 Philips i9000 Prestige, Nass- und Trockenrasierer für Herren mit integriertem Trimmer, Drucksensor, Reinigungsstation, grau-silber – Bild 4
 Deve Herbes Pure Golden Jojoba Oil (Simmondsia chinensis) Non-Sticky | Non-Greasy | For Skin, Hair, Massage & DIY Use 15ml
==
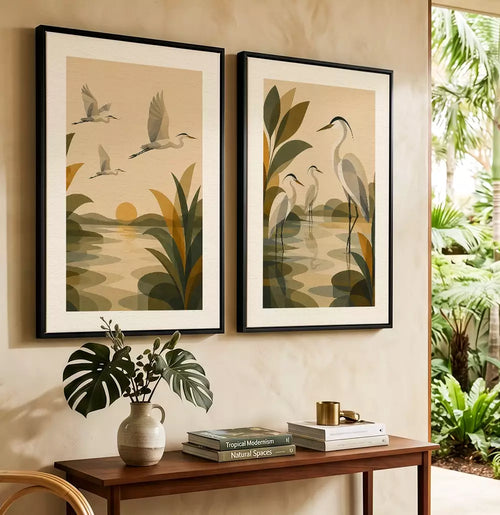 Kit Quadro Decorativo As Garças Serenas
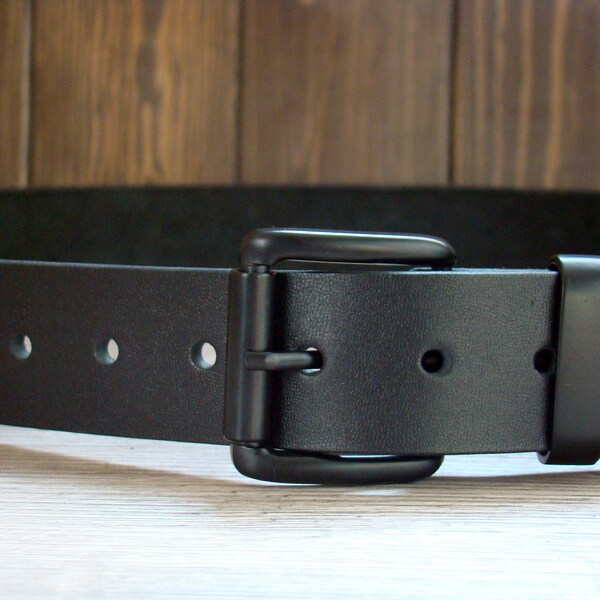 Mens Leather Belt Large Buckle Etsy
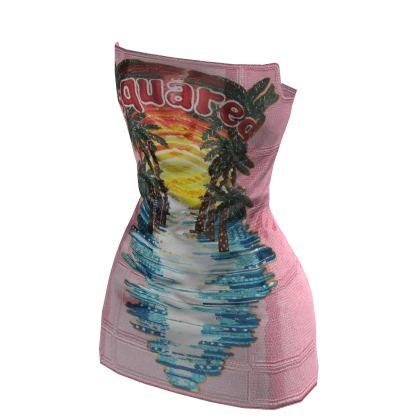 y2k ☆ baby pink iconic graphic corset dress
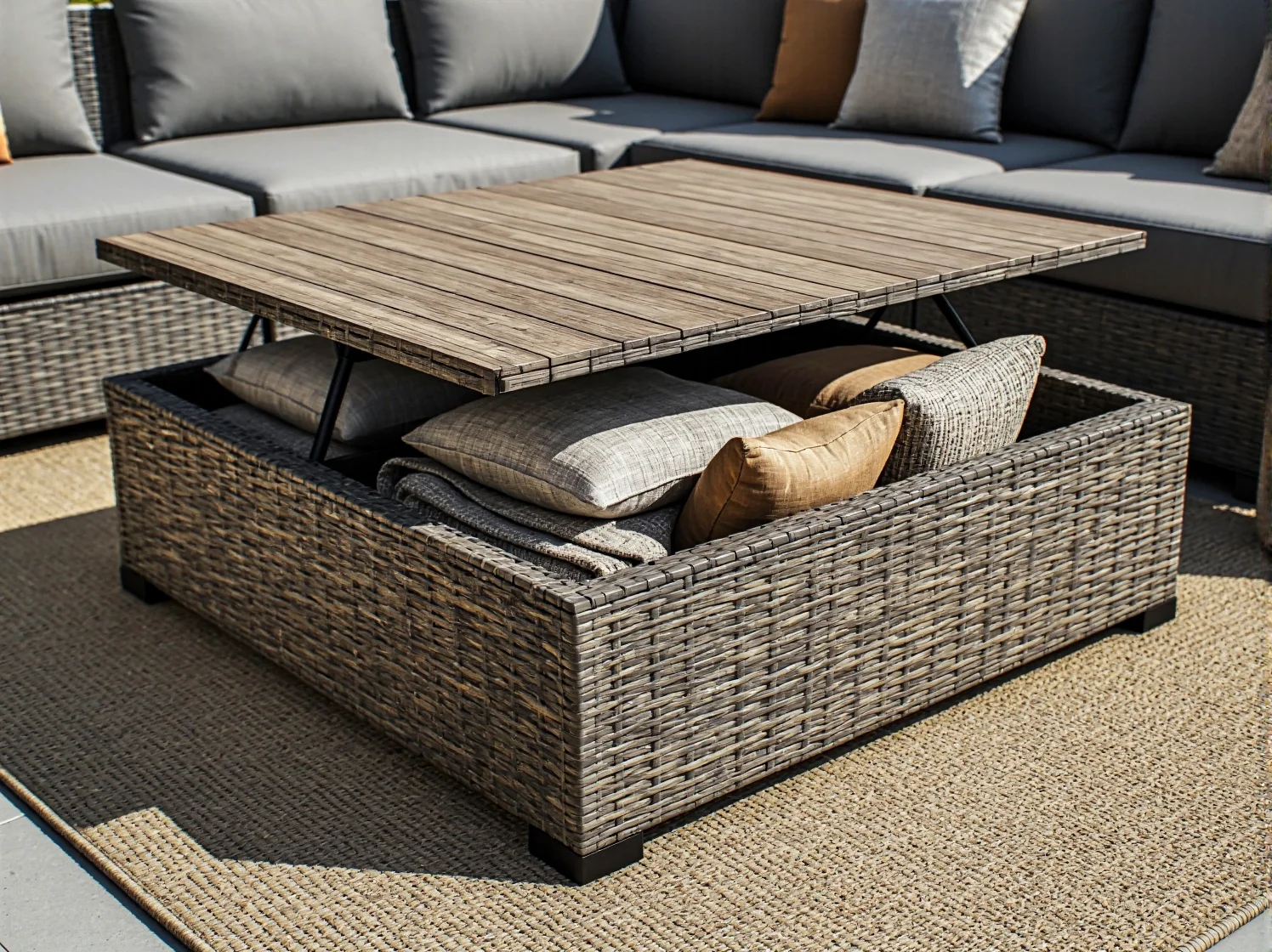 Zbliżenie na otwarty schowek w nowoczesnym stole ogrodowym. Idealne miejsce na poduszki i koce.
---
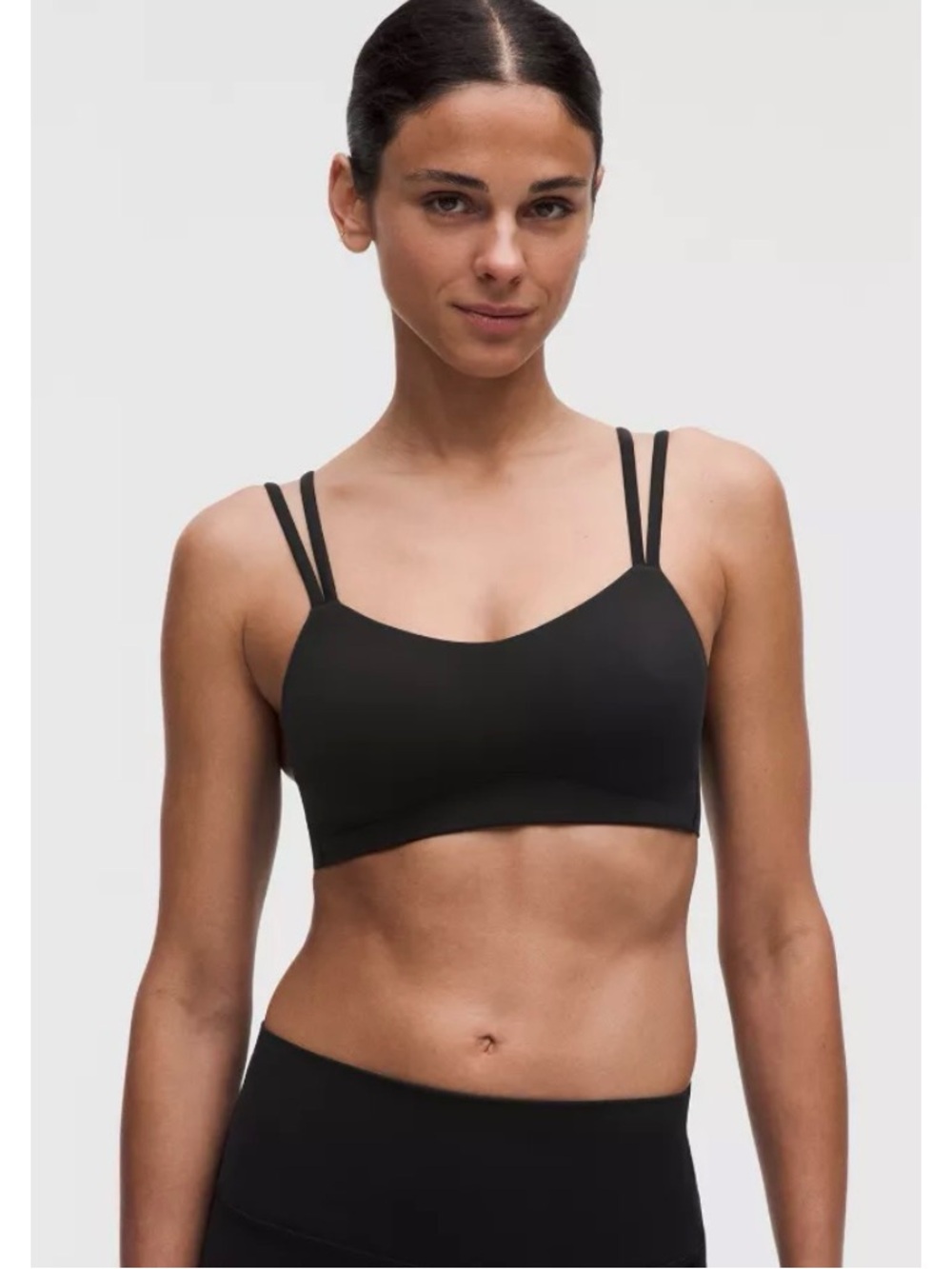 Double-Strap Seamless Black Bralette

WHAT TO PRODUCE: From the records above, copy only the lines running from the line holding "Mens Leather Belt Large Buckle Etsy" through the line holding "Zbliżenie na otwarty", with no pictures.

OUTPUT:
 Mens Leather Belt Large Buckle Etsy
 y2k ☆ baby pink iconic graphic corset dress
 Zbliżenie na otwarty schowek w nowoczesnym stole ogrodowym. Idealne miejsce na poduszki i koce.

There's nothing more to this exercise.